But that’s not going to last for much longer. I think we have just a few more weeks before savings account interest rates start to fall. Here’s what that means for you.
Why savings account interest rates are going to fall
Banks are free to set their own interest rates, but they tend to follow a government benchmark: the federal funds rate. This is an interest rate that banks use to lend money to each other and it’s one of the main tools the Federal Reserve has at its disposal to encourage or discourage spending.
When the federal funds rate rises, bank interest rates tend to rise as well. This is true for both loans and deposit accounts. This sort of rate environment is great for savers and tough for borrowers. We usually see this happen when inflation is high, as it has been over the last several years.

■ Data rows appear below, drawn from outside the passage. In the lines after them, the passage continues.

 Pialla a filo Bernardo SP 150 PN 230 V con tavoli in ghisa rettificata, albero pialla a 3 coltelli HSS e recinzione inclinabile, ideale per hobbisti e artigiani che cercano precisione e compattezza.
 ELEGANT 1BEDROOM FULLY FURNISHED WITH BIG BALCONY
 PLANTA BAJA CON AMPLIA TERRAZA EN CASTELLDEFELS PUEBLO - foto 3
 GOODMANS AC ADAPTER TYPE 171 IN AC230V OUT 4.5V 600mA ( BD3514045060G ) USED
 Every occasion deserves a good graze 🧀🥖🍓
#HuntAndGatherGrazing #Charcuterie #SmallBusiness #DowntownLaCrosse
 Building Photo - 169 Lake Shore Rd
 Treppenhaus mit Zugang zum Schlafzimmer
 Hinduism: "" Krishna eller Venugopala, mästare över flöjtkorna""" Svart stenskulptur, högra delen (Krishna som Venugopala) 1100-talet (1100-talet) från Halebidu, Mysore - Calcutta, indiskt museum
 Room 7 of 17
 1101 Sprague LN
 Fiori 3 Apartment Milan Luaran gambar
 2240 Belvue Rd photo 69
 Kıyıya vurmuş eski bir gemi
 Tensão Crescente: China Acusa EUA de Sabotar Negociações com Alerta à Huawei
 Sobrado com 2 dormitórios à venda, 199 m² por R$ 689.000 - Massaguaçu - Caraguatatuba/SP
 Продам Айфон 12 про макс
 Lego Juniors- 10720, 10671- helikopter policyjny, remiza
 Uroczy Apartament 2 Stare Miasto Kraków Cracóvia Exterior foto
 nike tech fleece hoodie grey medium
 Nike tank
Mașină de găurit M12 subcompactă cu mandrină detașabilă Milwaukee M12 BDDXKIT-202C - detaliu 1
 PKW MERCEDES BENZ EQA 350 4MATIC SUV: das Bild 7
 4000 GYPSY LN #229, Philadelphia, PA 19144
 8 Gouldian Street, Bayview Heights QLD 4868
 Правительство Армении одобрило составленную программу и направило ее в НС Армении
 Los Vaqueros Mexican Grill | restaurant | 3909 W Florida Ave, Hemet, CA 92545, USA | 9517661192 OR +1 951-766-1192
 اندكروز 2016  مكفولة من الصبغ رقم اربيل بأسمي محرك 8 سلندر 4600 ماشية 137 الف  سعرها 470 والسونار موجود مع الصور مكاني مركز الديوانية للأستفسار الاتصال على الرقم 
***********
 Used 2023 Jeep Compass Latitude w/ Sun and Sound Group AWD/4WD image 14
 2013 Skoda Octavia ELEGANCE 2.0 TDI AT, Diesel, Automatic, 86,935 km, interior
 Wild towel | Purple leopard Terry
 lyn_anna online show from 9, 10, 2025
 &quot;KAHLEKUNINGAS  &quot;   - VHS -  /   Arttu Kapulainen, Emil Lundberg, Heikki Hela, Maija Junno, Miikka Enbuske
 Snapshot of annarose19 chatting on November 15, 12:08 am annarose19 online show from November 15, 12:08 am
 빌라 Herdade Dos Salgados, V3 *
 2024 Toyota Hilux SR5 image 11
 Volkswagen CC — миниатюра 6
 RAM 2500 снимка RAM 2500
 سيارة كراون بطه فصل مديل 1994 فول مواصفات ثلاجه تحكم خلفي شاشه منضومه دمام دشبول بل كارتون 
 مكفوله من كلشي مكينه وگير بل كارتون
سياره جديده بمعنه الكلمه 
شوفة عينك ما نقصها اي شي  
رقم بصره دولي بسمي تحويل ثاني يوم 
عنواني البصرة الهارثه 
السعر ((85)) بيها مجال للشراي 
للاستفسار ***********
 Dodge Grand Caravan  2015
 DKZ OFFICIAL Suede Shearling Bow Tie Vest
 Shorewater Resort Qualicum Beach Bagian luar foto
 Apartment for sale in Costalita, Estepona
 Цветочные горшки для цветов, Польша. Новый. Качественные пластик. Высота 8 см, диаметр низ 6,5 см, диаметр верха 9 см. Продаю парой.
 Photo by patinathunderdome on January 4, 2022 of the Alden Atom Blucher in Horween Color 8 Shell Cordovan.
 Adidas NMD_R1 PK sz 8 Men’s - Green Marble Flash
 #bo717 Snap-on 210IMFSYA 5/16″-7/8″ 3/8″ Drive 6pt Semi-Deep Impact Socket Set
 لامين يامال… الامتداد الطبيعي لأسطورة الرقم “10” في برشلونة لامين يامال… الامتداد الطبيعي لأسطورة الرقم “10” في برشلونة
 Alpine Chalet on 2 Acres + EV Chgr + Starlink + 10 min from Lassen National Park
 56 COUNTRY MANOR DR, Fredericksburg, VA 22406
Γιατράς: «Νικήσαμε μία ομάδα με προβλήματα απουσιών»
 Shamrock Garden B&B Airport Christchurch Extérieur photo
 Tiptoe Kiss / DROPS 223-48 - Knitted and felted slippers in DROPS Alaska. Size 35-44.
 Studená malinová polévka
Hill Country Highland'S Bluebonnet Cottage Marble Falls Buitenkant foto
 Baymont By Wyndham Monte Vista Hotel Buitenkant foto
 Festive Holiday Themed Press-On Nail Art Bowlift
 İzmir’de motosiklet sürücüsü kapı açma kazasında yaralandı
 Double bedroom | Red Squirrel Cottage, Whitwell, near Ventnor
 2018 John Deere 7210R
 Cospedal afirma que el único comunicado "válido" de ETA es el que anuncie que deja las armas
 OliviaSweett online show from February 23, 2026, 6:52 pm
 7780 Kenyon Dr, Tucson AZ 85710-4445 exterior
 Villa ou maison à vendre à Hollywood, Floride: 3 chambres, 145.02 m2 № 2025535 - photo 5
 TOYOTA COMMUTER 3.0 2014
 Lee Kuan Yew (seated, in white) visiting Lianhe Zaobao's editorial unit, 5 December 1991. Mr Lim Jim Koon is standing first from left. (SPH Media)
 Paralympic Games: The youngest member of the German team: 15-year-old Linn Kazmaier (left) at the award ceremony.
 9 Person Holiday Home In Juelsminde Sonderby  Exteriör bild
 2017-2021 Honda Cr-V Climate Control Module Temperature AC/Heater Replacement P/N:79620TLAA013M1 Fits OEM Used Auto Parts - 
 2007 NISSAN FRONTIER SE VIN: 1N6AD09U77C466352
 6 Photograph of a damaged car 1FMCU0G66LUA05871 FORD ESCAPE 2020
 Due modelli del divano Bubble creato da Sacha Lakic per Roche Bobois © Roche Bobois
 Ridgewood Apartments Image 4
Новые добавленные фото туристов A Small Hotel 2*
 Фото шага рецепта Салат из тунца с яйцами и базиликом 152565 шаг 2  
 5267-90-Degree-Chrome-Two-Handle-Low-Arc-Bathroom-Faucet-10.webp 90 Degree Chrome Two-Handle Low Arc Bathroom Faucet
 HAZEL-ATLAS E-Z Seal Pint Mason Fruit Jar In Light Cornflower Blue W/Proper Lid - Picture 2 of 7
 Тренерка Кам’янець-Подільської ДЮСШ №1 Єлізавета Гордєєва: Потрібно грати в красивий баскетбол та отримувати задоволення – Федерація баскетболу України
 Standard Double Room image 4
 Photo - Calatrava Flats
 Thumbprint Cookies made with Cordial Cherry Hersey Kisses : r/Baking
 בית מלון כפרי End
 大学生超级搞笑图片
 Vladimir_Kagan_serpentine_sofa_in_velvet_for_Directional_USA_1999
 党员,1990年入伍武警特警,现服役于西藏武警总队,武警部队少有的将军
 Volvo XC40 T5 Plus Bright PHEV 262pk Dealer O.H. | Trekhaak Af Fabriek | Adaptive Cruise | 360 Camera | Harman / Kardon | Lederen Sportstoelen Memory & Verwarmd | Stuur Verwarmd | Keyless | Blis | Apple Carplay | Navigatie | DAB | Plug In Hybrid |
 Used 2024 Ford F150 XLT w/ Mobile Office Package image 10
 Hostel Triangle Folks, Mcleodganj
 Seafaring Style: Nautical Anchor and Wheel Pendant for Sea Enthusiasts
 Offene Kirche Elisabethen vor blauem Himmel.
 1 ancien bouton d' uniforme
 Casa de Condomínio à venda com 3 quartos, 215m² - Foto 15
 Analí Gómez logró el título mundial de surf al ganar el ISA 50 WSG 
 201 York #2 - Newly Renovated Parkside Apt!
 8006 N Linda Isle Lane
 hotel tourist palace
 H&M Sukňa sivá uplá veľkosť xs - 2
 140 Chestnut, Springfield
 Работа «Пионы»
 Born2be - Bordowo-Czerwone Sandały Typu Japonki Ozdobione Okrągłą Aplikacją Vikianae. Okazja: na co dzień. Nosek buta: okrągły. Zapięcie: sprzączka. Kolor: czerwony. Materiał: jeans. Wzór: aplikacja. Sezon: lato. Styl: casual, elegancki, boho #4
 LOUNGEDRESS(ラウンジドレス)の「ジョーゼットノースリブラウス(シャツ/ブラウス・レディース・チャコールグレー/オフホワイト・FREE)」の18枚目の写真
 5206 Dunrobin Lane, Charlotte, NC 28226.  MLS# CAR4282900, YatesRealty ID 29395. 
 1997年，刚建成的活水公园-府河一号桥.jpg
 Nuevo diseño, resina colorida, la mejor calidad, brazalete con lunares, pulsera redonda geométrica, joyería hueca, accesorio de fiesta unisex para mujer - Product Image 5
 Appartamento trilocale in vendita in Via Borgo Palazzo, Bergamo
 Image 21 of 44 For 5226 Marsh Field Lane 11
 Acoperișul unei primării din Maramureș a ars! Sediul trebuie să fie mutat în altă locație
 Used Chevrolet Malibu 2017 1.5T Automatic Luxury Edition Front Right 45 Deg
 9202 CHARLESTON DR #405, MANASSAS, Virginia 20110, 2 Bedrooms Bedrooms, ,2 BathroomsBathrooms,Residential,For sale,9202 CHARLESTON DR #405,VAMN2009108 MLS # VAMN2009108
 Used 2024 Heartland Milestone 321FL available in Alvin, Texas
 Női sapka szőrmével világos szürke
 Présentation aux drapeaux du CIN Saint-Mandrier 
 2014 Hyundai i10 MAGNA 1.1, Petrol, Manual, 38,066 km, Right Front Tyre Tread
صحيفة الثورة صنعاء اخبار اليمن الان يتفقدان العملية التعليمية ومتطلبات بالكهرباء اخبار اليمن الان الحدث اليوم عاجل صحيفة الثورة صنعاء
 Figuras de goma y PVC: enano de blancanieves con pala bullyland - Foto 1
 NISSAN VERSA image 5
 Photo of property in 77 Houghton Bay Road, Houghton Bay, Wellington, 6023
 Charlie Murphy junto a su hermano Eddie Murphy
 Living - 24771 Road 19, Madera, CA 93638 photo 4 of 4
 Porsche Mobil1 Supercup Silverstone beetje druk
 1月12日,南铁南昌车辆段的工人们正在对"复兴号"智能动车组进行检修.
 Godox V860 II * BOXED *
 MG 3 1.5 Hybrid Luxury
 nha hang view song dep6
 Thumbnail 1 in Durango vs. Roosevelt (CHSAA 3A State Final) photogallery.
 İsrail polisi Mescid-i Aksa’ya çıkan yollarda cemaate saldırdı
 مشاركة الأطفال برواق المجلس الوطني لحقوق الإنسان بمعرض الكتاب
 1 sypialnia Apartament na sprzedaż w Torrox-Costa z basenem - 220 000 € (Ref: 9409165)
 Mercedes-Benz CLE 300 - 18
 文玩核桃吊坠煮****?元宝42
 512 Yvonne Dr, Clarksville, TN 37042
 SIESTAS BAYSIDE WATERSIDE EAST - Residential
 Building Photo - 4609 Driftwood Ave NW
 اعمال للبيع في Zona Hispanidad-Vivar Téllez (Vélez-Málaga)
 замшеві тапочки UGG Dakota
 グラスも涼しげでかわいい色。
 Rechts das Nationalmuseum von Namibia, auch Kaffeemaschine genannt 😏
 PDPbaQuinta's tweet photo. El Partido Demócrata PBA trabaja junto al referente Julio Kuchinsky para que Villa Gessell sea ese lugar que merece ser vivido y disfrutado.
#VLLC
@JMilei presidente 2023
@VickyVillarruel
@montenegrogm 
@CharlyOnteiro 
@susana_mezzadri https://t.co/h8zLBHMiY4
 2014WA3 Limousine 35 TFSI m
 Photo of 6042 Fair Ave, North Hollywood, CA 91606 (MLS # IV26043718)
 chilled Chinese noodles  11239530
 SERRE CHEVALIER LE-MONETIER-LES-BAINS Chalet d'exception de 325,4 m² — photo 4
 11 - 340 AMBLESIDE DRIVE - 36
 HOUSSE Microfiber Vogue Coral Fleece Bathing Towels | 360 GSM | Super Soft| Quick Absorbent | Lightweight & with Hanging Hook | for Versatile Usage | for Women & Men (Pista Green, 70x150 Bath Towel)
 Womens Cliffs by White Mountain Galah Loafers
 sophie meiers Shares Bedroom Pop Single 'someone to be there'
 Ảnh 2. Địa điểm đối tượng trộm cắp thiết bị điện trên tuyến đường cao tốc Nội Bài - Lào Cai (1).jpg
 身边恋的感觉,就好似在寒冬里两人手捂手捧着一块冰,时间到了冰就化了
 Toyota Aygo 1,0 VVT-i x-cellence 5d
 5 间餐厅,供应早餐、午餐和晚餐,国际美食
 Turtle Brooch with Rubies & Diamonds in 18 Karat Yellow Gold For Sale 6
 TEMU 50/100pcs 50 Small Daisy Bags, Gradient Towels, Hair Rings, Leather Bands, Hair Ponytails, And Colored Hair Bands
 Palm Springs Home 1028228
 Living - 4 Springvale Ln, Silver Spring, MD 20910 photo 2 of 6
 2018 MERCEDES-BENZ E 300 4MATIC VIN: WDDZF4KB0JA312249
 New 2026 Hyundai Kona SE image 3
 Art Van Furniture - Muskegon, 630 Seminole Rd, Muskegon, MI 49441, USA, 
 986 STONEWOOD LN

When inflation starts to cool, the government is apt to cut the federal funds rate. This is what we’re seeing now. Most experts expect that the Federal Reserve will make its first rate cut in four years when it meets again in mid-September. It’s unclear how big the cut will be. Usually, it’s 25 basis points (0.25%), but the Fed has made larger cuts occasionally in the past.
What it means for you
Once the Fed cuts rates, it usually doesn’t take banks long to follow suit. Borrowing becomes more affordable and savers earn less on their money each month. But it’s worth noting that your interest rate drop may not correspond exactly with the federal funds rate. For example, if the Fed issues a 25 basis point rate cut, your savings account interest rate may drop by 20 or 30 basis points. That’s up to your bank.
There are a few ways you could handle this. The first is to simply do nothing. You will earn a smaller amount of interest on your savings account funds, but you’ll retain the easy access that savings accounts provide. And if you have a high-yield savings account, you’ll still earn a higher rate than what you could get with most brick-and-mortar banks.
If you really don’t want to sacrifice your high interest rate, you could try a certificate of deposit (CD) instead. These lock in your interest rate for the full term, which can be anywhere from a few months to several years. In exchange, you agree not to touch your funds for the full length of the CD term. If you’re comfortable with this tradeoff, a CD may help you earn more on your savings for now.
You could also split your money between both. Put short-term savings and your emergency fund in a savings account and move money you don’t plan to spend in the next couple of years into a CD to earn a higher interest rate.
One point to note is that, while many people expect rate cuts to begin in September, it’s probably not going to be the only one. We’ll probably see more throughout the last few months of 2024 and into 2025, so keep this in mind as you make your decision.